* **Task description**
Transcribe every entry exactly; the images stay out.

Collection entries
--- START ---

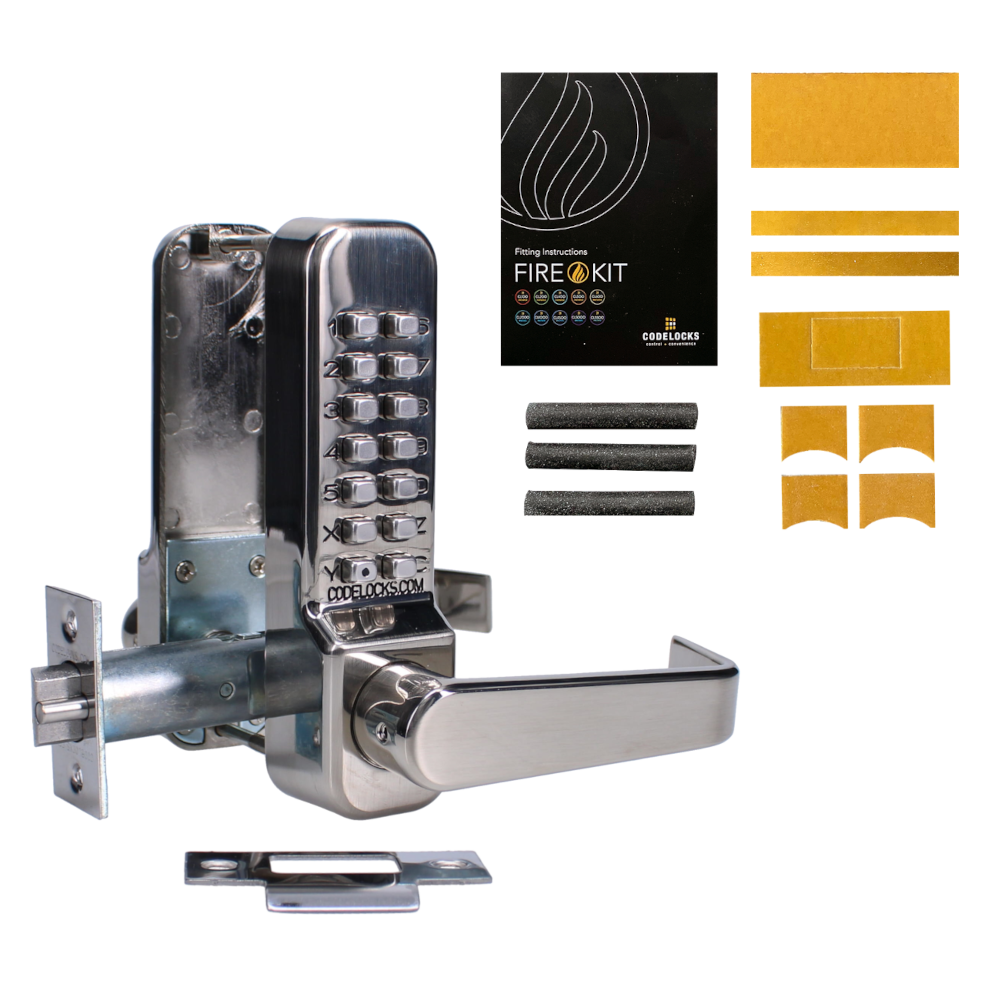 CODELOCKS CL415 Digital Lock With Tubular Latch CL415 With Fire Kit - Stainless Steel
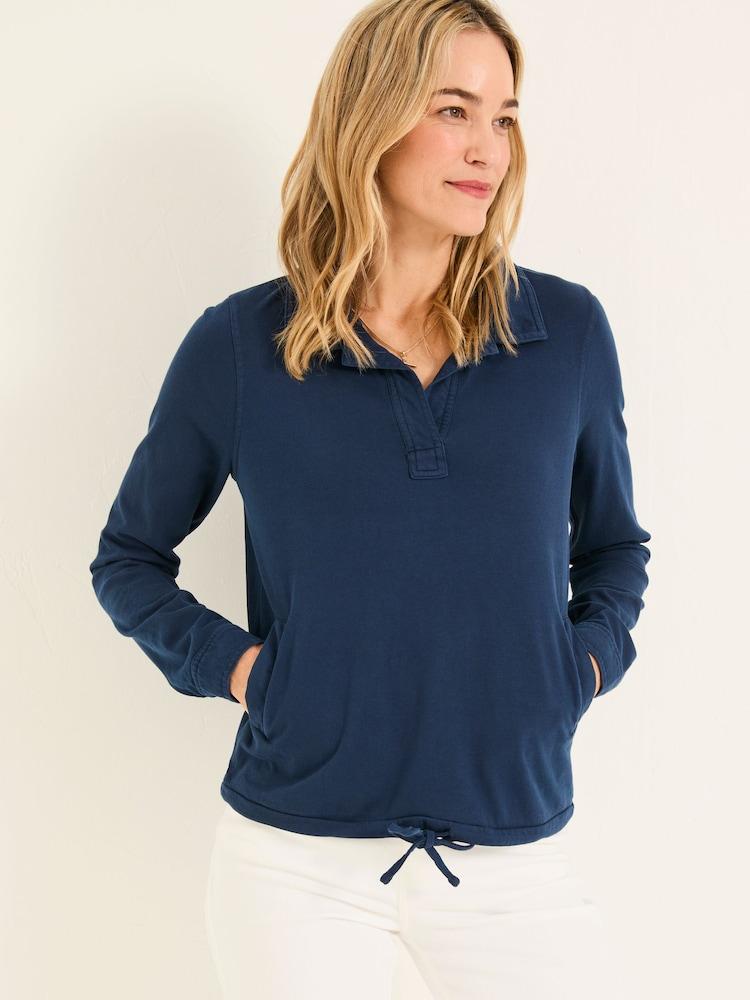 Fat Face Jess Navy Popover Jersey Shirt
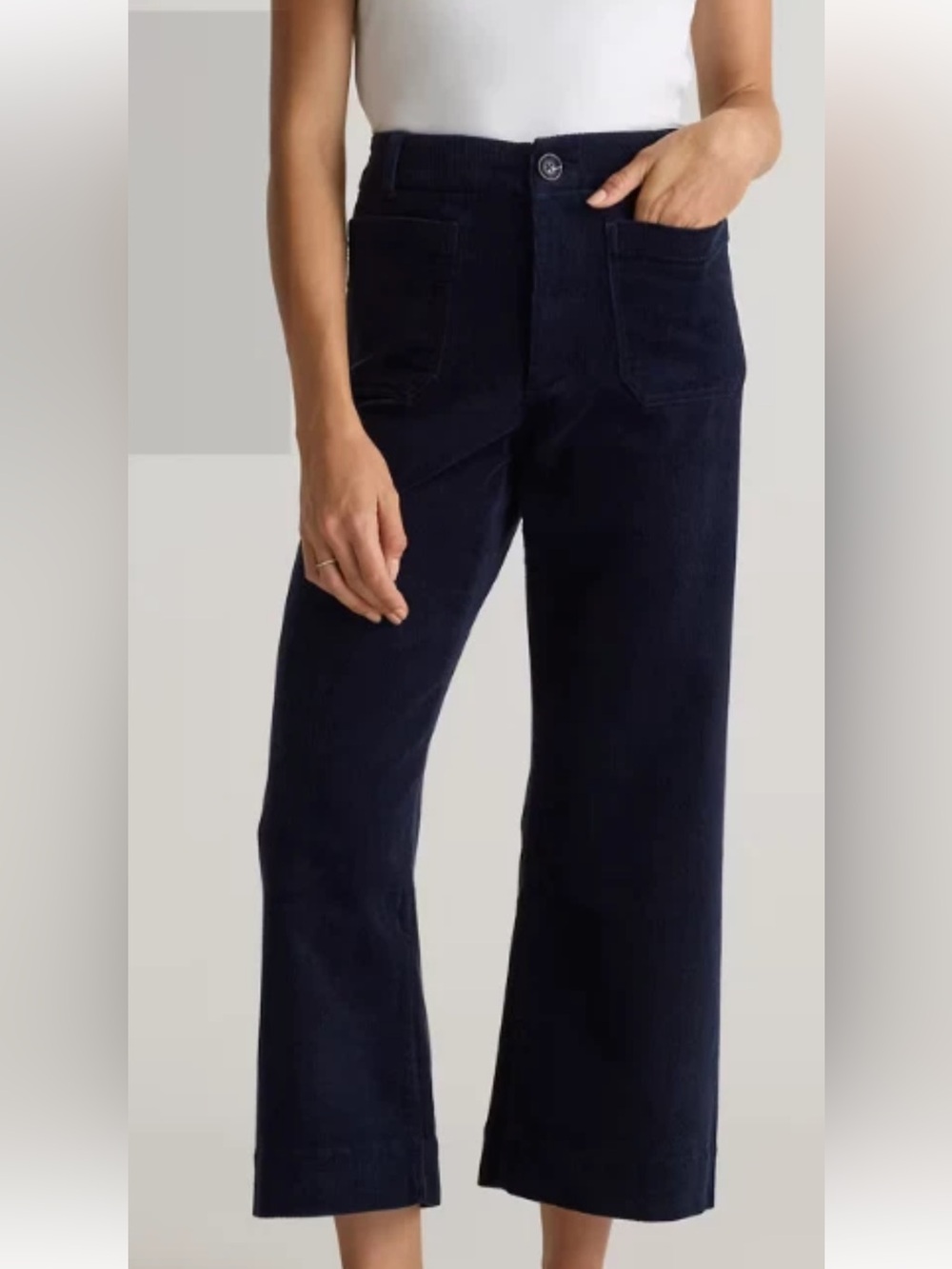 Quince Organic Stretch Corduroy Cropped Wide Leg Pants size 12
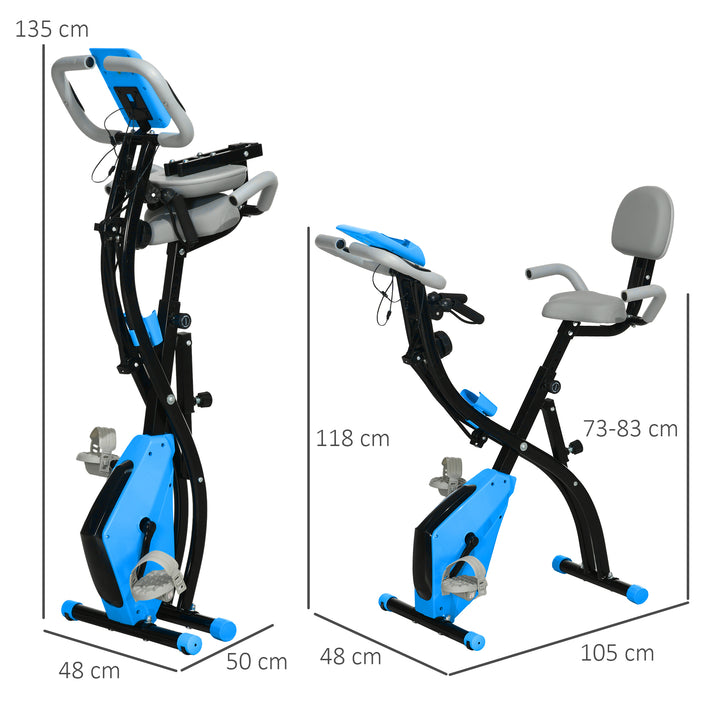 2-i-1 motionscykel med LCD-display, justerbar pulsmåler, sæde og hjul; foldbar motionscykel med 8 niveauer af magnetisk modstand, spændekabel og stålstel.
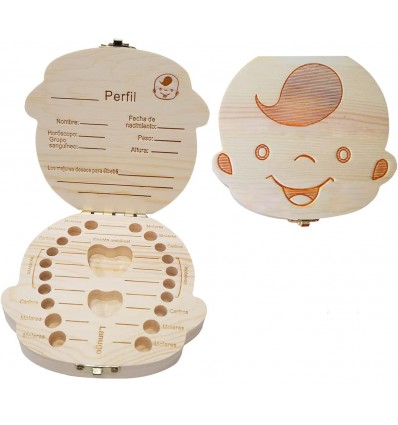 Caja de Dientes de Bebés de Madera Niña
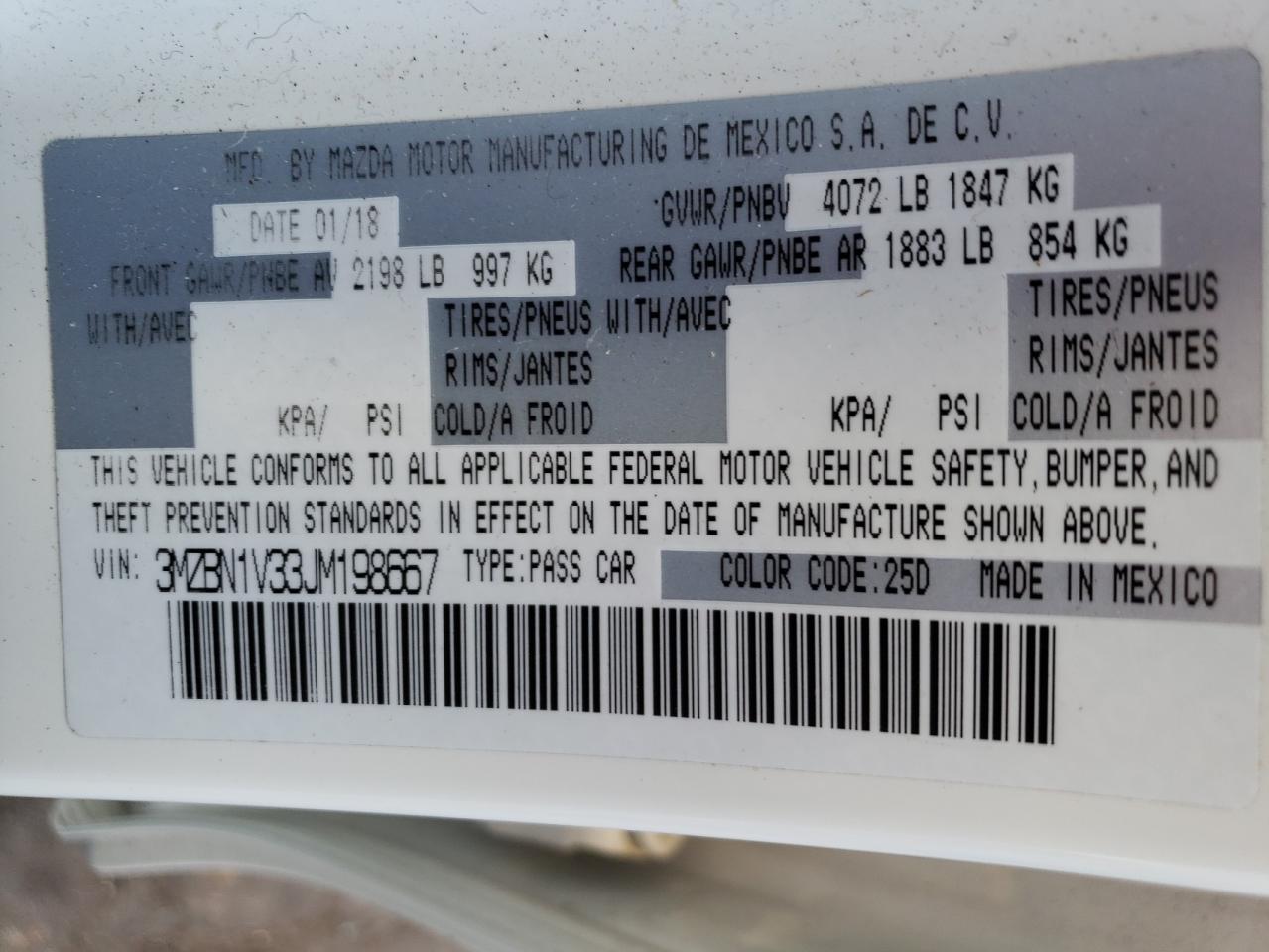 2018 Mazda 3 VIN 3MZBN1V33JM198667 Copart auction photo, front end / minor dent/scratches damage thumbnail 12
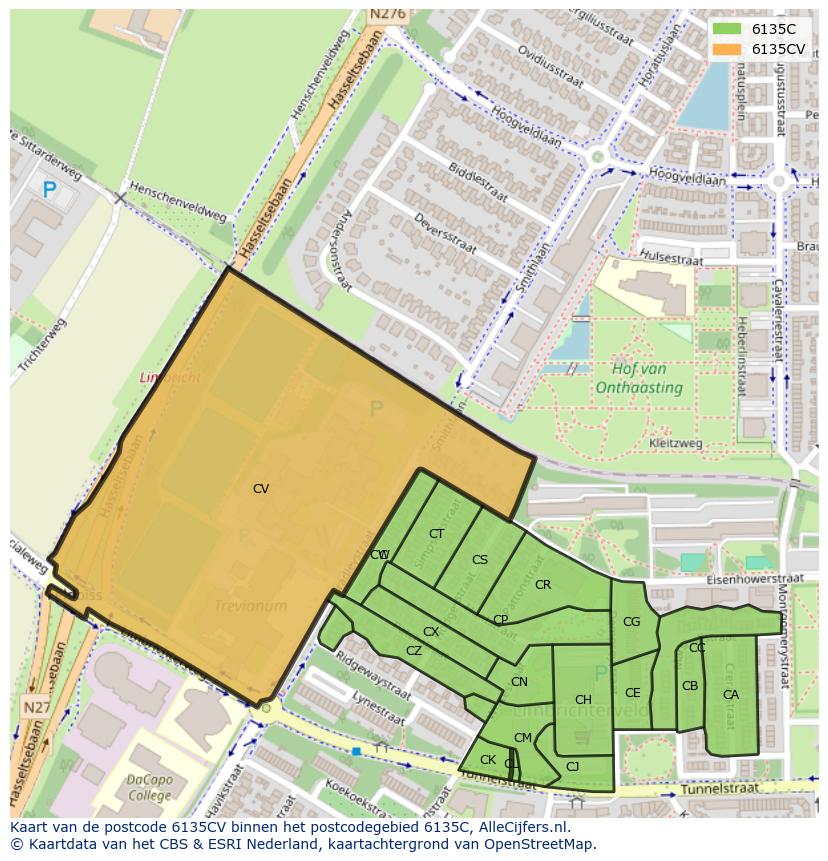 Afbeelding van het postcodegebied 6135 CV op de kaart.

--- END ---

* **Answer box**
 CODELOCKS CL415 Digital Lock With Tubular Latch CL415 With Fire Kit - Stainless Steel
 Fat Face Jess Navy Popover Jersey Shirt
 Quince Organic Stretch Corduroy Cropped Wide Leg Pants size 12
 2-i-1 motionscykel med LCD-display, justerbar pulsmåler, sæde og hjul; foldbar motionscykel med 8 niveauer af magnetisk modstand, spændekabel og stålstel.
 Caja de Dientes de Bebés de Madera Niña
 2018 Mazda 3 VIN 3MZBN1V33JM198667 Copart auction photo, front end / minor dent/scratches damage thumbnail 12
 Afbeelding van het postcodegebied 6135 CV op de kaart.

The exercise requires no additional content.